Cationic cyanuric chloride derivative tanning agent and preparation method thereof

Abstract

A cationic cyanuric chloride derivative tanning agent and a preparation method thereof are disclosed. The method includes: mixing 9.22-36.88 parts of cyanuric chloride, 21.35-100.31 parts of a solvent, and 7.12-33.44 parts of deionized water, all by mass, in an ice-water bath to obtain a mixture A; at a temperature of 0-5° C., adding 2.98-20.44 parts of a tertiary ammonia compound to the mixture A, and subjecting the resulting mixture to a reaction for 4-6 hours, during which its pH value is adjusted with an acid-binding agent solution to 6.0-7.0, to obtain a mixture B; filtering the mixture B, washing the filter cake, and vacuum drying for 4-6 h to obtain a solid C, and grinding to obtain the cationic cyanuric chloride derivative tanning agent.

Claims

1. A cationic cyanuric chloride derivative tanning agent, which has a structural formula of ##STR00008##

2. A method for preparing the cationic cyanuric chloride derivative tanning agent as claimed in claim 1, comprising (1) mixing 9.22-36.88 parts by mass of cyanuric chloride, 21.35-100.31 parts by mass of a solvent, and 7.12-33.44 parts by mass of deionized water in an ice-water bath, to obtain a mixture A; (2) at a temperature of 0-5° C., dropwise adding 2.98-20.44 parts of N,N-bis(3-aminopropyl)methylamine into the mixture A, and subjecting the resulting mixture to a reaction for 4-6 hours, during which a pH value of the resulting mixture is adjusted by using an acid-binding agent solution until the pH value is stabilized at 6.0-7.0, to obtain a mixture B; and (3) filtering the mixture B to obtain a filter cake, washing the filter cake, vacuum drying the washed filter cake under conditions of a vacuum degree of 0.08-0.1 MPa and a temperature of 20-25° C. for 4-6 h to obtain a solid C; grinding and crushing the solid C to obtain the cationic cyanuric chloride derivative tanning agent as a white powder.

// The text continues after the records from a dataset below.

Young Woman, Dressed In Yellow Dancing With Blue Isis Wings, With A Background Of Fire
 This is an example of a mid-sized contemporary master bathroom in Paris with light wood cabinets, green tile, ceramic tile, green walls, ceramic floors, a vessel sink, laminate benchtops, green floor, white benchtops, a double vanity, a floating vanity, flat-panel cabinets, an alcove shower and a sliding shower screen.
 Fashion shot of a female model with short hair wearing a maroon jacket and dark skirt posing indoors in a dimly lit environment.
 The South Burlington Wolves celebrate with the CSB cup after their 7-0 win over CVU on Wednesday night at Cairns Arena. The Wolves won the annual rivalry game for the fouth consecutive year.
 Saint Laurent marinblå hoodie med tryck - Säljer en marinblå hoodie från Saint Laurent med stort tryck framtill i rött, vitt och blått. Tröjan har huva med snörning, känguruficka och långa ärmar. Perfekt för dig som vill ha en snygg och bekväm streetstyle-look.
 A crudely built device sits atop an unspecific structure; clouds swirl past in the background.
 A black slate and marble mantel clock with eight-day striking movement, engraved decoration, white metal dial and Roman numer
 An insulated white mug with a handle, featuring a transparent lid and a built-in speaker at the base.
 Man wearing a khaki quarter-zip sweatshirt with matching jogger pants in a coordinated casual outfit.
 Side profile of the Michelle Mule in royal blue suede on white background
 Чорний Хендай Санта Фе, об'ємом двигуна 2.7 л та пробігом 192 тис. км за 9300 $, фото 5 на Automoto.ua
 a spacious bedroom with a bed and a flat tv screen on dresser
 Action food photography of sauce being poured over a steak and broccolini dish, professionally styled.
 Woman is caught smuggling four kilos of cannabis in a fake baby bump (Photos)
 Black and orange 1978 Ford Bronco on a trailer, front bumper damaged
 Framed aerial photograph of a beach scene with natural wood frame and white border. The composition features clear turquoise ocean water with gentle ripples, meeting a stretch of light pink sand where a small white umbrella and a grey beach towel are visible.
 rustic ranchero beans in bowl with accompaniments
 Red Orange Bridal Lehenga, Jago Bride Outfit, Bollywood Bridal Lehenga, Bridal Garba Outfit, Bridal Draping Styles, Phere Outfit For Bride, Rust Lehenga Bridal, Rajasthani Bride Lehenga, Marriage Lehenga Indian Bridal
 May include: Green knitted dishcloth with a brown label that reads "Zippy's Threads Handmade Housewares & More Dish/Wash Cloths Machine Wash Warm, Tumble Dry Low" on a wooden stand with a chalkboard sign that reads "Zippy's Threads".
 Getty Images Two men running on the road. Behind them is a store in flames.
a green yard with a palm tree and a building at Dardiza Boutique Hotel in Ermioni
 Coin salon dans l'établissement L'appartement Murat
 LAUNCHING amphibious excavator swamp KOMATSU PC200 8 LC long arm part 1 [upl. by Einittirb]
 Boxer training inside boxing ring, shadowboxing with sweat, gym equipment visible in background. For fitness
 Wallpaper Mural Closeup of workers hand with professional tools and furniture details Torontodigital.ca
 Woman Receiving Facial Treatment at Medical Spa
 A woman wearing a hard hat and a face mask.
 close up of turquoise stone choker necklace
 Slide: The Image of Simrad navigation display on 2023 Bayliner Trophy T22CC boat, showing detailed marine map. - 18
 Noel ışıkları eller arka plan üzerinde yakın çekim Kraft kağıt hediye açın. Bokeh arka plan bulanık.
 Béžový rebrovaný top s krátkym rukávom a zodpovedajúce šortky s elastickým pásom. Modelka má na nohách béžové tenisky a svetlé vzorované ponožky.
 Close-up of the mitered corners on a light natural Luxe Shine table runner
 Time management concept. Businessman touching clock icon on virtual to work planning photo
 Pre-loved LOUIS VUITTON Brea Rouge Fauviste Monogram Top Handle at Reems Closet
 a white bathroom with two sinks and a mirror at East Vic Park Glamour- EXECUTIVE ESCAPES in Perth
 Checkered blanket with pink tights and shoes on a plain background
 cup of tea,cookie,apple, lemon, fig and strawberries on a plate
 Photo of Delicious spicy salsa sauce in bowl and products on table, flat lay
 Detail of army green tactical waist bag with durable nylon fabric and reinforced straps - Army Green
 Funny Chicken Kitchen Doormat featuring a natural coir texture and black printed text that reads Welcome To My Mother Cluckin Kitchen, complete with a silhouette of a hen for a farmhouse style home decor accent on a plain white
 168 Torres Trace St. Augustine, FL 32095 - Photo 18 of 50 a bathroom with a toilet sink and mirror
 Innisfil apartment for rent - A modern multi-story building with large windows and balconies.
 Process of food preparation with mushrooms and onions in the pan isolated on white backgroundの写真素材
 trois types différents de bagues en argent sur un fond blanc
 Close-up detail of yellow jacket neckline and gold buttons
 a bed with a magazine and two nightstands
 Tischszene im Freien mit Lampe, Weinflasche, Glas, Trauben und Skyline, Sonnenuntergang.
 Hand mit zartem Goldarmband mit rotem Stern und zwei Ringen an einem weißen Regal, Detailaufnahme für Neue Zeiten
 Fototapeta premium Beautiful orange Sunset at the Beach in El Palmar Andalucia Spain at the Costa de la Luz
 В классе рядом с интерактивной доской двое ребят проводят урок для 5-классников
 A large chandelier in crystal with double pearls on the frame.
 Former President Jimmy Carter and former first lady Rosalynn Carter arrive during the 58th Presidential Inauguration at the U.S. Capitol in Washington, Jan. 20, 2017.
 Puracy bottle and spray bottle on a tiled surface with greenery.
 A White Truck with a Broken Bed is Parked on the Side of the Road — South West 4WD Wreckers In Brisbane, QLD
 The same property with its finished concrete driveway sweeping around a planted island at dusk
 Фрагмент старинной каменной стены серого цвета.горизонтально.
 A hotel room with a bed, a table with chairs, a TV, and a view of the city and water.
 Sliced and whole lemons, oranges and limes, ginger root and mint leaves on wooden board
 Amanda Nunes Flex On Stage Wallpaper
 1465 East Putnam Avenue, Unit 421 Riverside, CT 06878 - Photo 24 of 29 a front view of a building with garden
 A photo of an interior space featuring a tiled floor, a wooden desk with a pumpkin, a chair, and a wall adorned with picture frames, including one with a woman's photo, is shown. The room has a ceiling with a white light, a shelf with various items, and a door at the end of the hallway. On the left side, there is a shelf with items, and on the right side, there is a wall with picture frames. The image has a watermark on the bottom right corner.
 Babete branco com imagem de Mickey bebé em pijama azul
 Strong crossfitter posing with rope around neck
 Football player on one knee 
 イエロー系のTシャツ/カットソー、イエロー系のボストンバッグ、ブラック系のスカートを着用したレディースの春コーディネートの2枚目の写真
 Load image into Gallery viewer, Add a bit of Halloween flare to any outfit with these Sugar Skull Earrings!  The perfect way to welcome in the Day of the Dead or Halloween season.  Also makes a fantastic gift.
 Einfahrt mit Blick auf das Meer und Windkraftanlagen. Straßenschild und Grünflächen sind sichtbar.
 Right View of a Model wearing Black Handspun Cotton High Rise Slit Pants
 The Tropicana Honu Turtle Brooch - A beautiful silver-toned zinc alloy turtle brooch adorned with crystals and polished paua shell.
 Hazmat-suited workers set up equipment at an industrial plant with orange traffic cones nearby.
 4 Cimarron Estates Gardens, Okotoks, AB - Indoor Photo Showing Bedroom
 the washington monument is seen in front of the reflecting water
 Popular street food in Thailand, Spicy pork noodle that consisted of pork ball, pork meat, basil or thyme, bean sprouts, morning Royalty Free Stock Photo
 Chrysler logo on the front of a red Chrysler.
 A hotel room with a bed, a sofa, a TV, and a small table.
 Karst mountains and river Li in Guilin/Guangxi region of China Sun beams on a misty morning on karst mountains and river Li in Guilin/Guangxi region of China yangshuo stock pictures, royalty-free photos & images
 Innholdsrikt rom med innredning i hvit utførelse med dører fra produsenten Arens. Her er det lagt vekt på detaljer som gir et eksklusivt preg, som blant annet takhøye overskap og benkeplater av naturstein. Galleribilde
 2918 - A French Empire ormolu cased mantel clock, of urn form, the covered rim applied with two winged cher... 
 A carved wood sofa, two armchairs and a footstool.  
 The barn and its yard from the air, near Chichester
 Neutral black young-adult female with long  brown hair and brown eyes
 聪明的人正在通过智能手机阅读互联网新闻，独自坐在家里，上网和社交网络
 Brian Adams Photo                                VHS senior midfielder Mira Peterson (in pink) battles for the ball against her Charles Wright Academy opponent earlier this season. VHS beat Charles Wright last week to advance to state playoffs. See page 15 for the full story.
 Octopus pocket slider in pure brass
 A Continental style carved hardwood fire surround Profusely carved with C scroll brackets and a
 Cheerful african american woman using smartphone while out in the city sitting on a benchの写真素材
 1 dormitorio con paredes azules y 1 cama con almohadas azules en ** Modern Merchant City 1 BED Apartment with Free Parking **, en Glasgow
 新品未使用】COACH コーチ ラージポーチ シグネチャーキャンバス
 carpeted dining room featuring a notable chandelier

3. The method as claimed in claim 2, wherein in step (1), the solvent is acetone or toluene.

4. The method as claimed in claim 2, wherein in step (2), an acid-binding agent in the acid-binding agent solution is sodium hydroxide or sodium carbonate.

5. The method as claimed in claim 2, wherein in step (2), the acid-binding agent solution has a mass concentration of 10-30%.

6. The method as claimed in claim 2, wherein in step (3), washing the filter cake is performed by using deionized water and/or an acetone solution with a temperature of 0-5° C.

Description

BRIEF DESCRIPTION OF THE DRAWINGS

(1) FIG. 1 shows a nuclear magnetic spectrogram of the product as prepared in Example 1.

(2) FIG. 2 shows an infrared spectrogram of the product as prepared in Example 1.

(3) FIG. 3 shows a nuclear magnetic spectrogram of the product as prepared in Example 3.

(4) FIG. 4 shows an infrared spectrogram of the product as prepared in Example 3.

(5) FIG. 5 shows a nuclear magnetic spectrogram of the product as prepared in Example 5.

(6) FIG. 6 shows an infrared spectrogram of the product as prepared in Example 5.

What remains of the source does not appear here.